Leading a team that would not just include but center the experiences of people who had lived through incarceration, and also reserve space for public defenders, civil rights lawyers, and progressive prosecutors who carry a more modern understanding of second chances than their old-school peers, Barkow could hand the President a mechanism for fostering liberty, opportunity and restoration out of the wreckage of our bloated system. She could change the game by building a faster, smarter process. For people who love comparisons, Barkow’s role in the clemency conversation is not dissimilar from the robust academic-yet-tactical power Senator Elizabeth Warren has brought to the conversation around the Consumer Financial Protection Bureau. Tasking Barkow with bringing clemency into the White House would be a little like letting Sen. Warren supercharge the CFPB.

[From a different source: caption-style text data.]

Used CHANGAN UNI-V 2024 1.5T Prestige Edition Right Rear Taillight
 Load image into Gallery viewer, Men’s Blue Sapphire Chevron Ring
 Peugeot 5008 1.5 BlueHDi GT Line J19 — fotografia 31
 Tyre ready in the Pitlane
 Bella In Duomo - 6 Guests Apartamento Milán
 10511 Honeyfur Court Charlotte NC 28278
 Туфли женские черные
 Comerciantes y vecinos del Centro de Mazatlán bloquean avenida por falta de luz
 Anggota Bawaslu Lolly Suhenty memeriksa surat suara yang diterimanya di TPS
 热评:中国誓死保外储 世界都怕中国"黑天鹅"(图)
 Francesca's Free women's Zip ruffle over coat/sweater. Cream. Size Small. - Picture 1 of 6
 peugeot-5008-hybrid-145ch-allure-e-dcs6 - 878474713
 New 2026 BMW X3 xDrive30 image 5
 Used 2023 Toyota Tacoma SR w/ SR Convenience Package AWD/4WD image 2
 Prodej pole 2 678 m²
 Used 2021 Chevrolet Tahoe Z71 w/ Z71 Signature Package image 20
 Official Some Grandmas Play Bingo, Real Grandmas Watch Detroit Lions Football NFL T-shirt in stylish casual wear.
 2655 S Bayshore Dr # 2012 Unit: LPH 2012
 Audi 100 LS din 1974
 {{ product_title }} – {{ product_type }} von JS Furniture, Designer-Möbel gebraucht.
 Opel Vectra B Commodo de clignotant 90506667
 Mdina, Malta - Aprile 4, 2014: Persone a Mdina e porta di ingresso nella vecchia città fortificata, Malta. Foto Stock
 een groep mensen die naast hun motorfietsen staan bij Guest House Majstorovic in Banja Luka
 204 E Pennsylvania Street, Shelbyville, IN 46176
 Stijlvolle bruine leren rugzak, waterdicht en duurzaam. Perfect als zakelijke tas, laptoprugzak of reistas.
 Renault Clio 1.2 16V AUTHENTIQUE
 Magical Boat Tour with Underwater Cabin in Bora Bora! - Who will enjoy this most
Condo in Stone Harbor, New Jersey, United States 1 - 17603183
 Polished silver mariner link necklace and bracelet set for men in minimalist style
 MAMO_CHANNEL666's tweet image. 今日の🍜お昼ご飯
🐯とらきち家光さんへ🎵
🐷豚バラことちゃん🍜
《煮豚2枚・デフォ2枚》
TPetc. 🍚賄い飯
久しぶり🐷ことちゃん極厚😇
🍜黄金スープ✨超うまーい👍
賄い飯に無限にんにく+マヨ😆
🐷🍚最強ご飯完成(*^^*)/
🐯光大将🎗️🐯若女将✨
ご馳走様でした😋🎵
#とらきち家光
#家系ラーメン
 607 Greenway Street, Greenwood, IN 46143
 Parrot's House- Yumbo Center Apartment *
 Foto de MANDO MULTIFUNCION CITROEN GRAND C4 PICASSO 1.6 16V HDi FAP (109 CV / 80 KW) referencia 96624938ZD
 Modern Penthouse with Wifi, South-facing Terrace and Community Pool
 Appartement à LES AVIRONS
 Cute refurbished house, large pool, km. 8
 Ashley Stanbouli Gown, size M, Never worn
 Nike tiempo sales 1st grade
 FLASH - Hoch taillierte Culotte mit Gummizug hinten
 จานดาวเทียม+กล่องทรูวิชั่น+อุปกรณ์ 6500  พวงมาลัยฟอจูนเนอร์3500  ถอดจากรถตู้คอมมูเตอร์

Instead of placing endless barriers between deserving, promising people and their chance to be heard, or allowing prosecutorial dinosaurs at DOJ to stand between ordinary people and opportunity, she and her committee could fast-track applications and give President Biden an opportunity to be a groundbreaking leader in this area. They could seek out specific areas where we know sentences are too long and out of step with current enforcement priorities and find people who may not have had the capacity to file a petition, but whose sentence is wildly out of step with modern views. It would be especially beautiful to break down the legacy of 1994–and 1990s punitive measures more generally–with this unique and deceptively simple action.

It’s too late for Ophelia, of course. But perhaps with a fresh strategy on second chances, President Biden can finally codify and recognize both our individual and collective capacity for change.